The thunder rumbled inside his chest. Sirius wouldn't be coming home tonight, even if this wasn't really home at all. Regulus hoped, actually, honestly, that Sirius never came anywhere near here. But knowing Sirius, there would come a time when they stood again on opposite sides of the window, faces only inches apart and separated by nothing but a thin sheet of glass.
Only this time when it happened, Regulus would be walking away.
He was someplace else in his mind when the room lit with green, and later he would not remember how it happened or when it had ended. He thought instead the whole time of Sirius's face and how different it had been the last time he had seen him, before Sirius had graduated and never sent word home again.
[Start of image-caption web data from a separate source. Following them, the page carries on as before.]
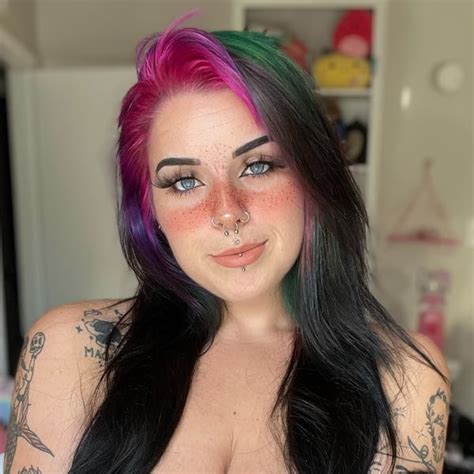 souredpineapple creator profile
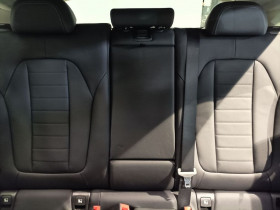 Bmw X4 xDrive30i 252 ch BVA  occasion  Beaupuy - photo n7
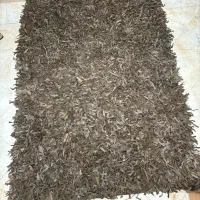 چرم طبیعی وارداتی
He sometimes wondered if his brother hated him, and he found himself wondering it then as the blackness seeped like poison into his pores. His hand stung from where the air hit his open wound, but Regulus no longer cared about things like blood. Fitting, really, that it would be black and green against the red.
But when he opened his eyes to look down at the mark shining up from his skin, the colors mixing together in the most contradictory of ways, Regulus found, despite all his best defenses, that he was still afraid.